The Three Cultures Foundation presents its new exhibition, 'The Secret Garden', an exhibition by the artist Teresa Esteban in which she vindicates the study of mathematics in Islam as the source of its main themes: arithmetic, geometry, astronomy and music.
The Secret Garden' is made up of some thirty pieces, mostly in marble, together with some mixed media creations on paper or wood. With this exhibition, Teresa Esteban develops her own vocabulary, fascinated by architecture and uninhabited spaces and passageways, such as staircases and corridors, where the human element is in transit, places that summon the presence of absence.
Her work in wood is slow, orderly and exquisite with a double formal play between the austere appearance of the exterior of the pieces and the expressive, irregular, sombre and stormy interiors. Hence its mysterious and disturbing character. Her sculptures are undoubtedly landscapes, although they do not seem to be a possible terrain for sculpture.

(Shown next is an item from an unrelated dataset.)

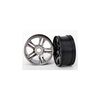 Wheels split-spoke (black CHR) F (2)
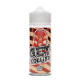 Get Lollied Cola Pop 100ml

This exhibition evokes those gardens in which geometry has also been applied, which are articulated in a set of squares that rotate, forming star-shaped polygons in which the paving is mixed in different materials with a predominance of fresh marble that reflects the light. As the art critic Miguel Cereceda states, "the elements used by Teresa Esteban are indirect evocations of vegetation, water and the garden, through marble and tin. But her work also invokes the celestial vault, through architectures drawn from Islamic and Jewish vaults, and the image of temples and spaces of prayer and meditation: synagogues, cathedrals and mosques, in which recollection, silence and contemplation invite reconciliation". "For these three cultures (Judaism, Christianity and Islam), the image of the garden is also a common, founding myth of origin. It is not only the place of the origin and creation of man, but also the place of arrival: the promised land, paradise. (...). This is why Teresa Esteban has decided to stage in the image of the garden the possibility of a real space of peace, love and reconciliation between the three cultures. She has done so deliberately, without transgressing the strict prohibition of images and idols, imposed by Abraham and Moses, reiterated by Paul of Tarsus and repeated again by Mohammed".
Miguel Cereceda is a Spanish art theorist and critic. Professionally, he is a professor of Aesthetics and Theory of the Arts at the Universidad Autónoma de Madrid.
The exhibition will be shown at the Tres Culturas headquarters, the Hassan II Pavilion, Seville, from June 10 to September 9.
Monday to Thursday, from 08.30 to 20.00.